Hacer validemiz bir cariye miydi yoksa Firavun'un kızı mıydı?

Ehl-i Sünnet

Kıdemli Üye
Katılım
5 Şub 2011
Mesajlar
3,061
Tepkime puanı
139
Puanları
0
Soru: Hz. İbrahim (as)’in hanımı Hacer validemiz bir cariye miydi yoksa Firavun’un kızı mıydı?
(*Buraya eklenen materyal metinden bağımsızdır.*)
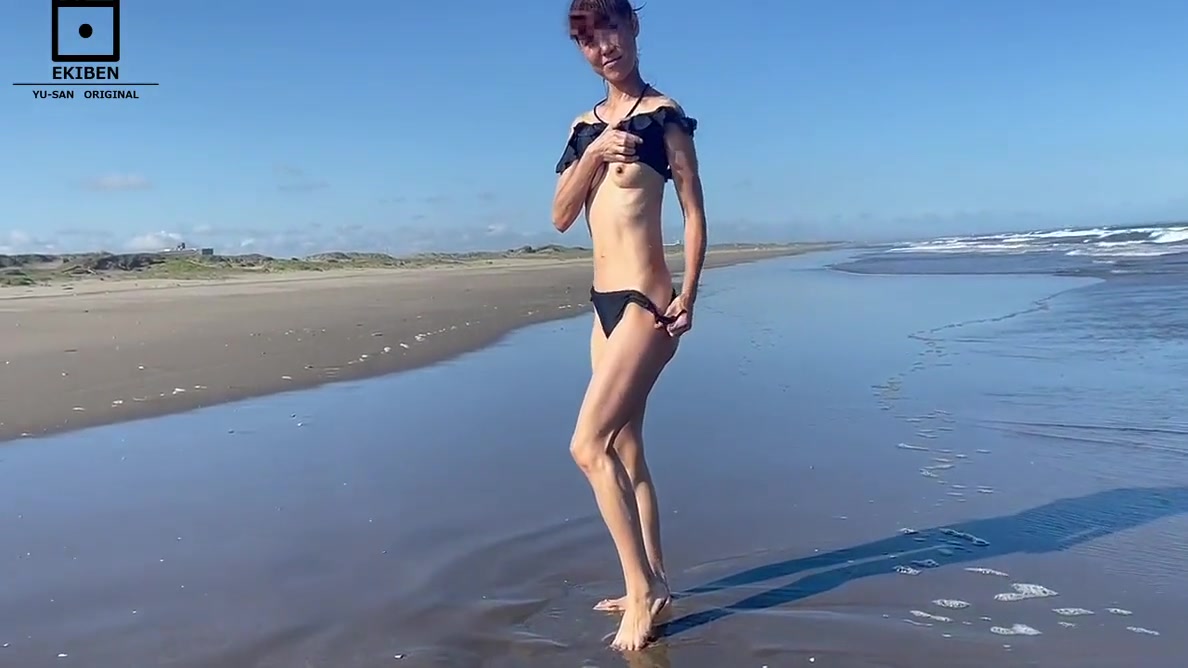 Strip And Dance On The Beach She Loves Utterly Stark Naked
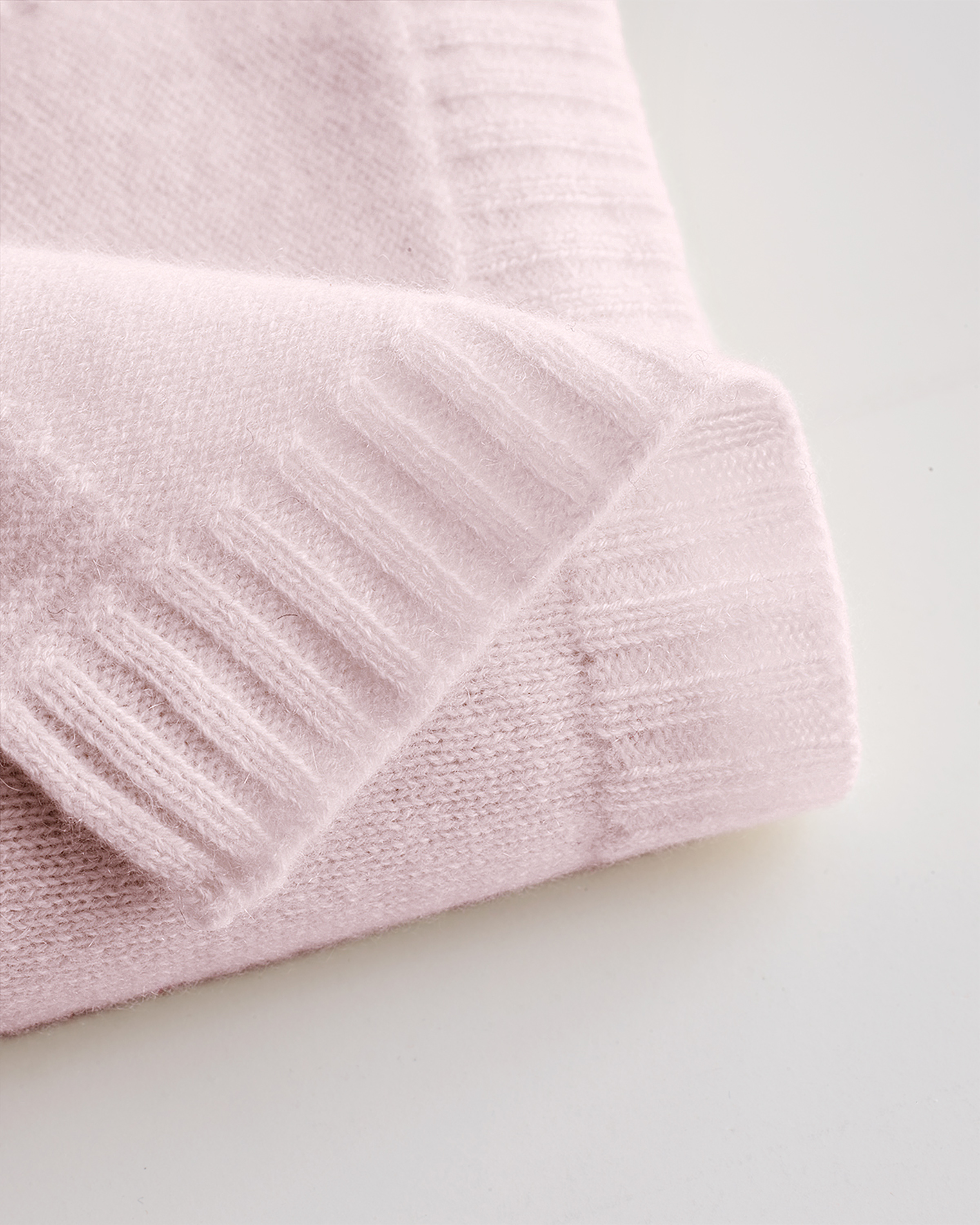 Luxe Knit Cashmere Baby Blanket - thumbnail 4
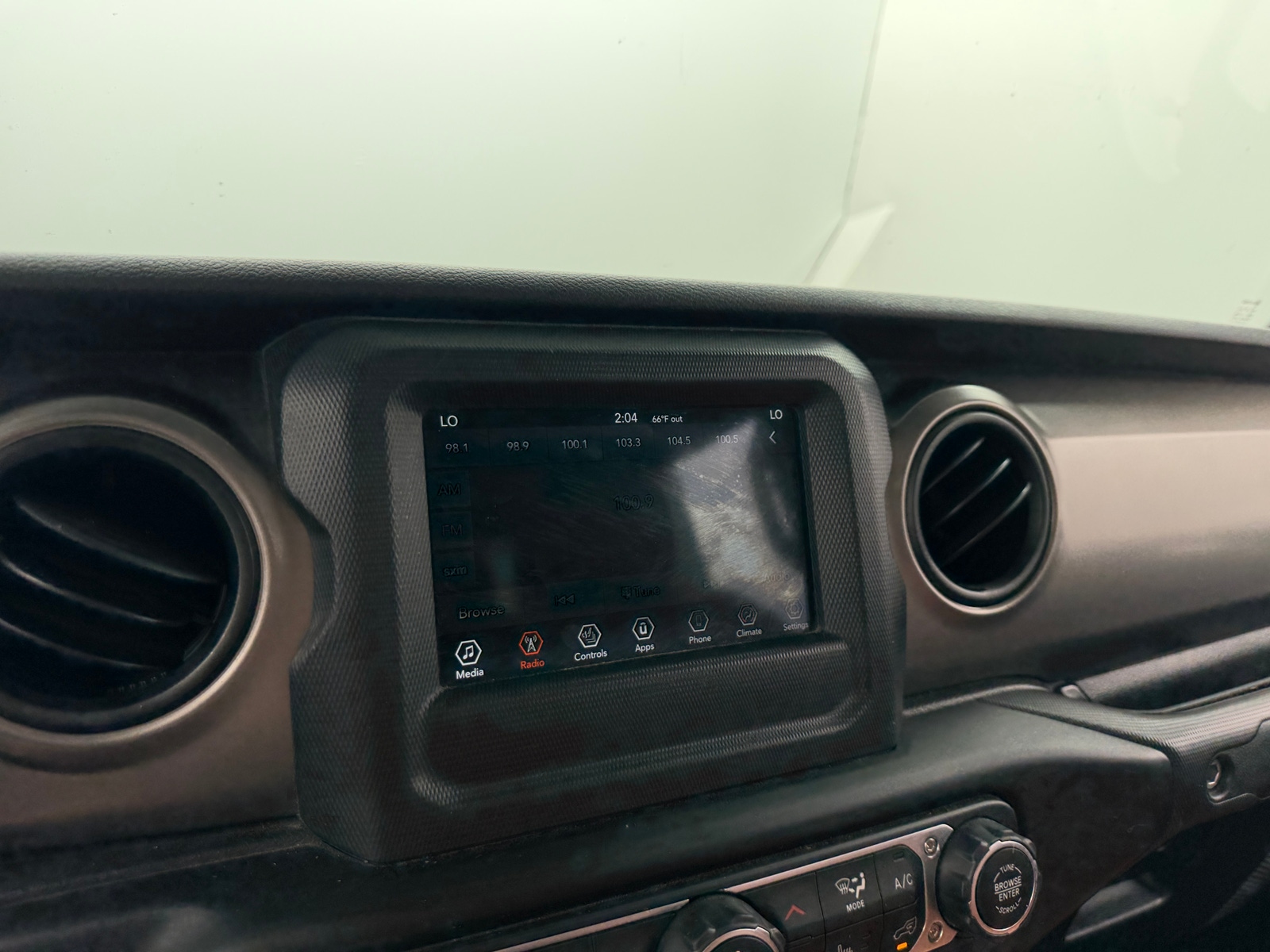 Thumbnail: 2020 Jeep Gladiator - 4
Cevap: Ebu Hureyre’den rivayetle Hz. Peygamber (s.a.s) Hz. İbrahim (as)’in yolculuğu sırasında Hz. Sâre’nin başından geçen bir olayı şöyle anlatmıştır: Mısır’ın “Erdûn” kasabasına geldiklerinde, şehrin kralı Firavun İbrahim’in güzel bir kadınla şehre girdiğini öğrenmiş ve Hz. Sâre’ye göz koymuştu. Onu sarayına getirtti ve ırzına göz dikti. Sâre kalkıp abdest aldı ve namaz kılıp şöyle dua etti: “Ey Allah’ım! Ben sana ve senin peygamberine iman etmiş ve iffetimi kocam dışında herkesten korumuşsam, bana bu kâfiri musallat etme”. Kralın nefesi kesildi ve çırpınmaya başladı. Bunun üzerine Sâre, “Allah’ım, eğer bu adam ölürse Sâre öldürdü derler, bu yüzden ölmesini istemiyorum” deyince kral (Firavun) canlandı ve bu durum üç kere yenilendi. Kral adamlarına; siz bana bir insan değil, şeytan getirmişsiniz; diyerek Sâre’yi serbest bıraktı ve Hacer’i de hediye olarak verdi.” (1). Hz. Sâre çocuğu olmayan bir kadındı. Bu yüzden Hz. İbrahim’in Hacer’le evlenmesine izin verdi (2).

Hacer validemizin bir cariye olduğu bilinir. Fakat büyük yazar allâme kadı Muhammed Süleyman el-Mansur-Furi onun hür olduğunu ve Firavun’un kızı olduğunu delilleriyle ispatlamıştır (3).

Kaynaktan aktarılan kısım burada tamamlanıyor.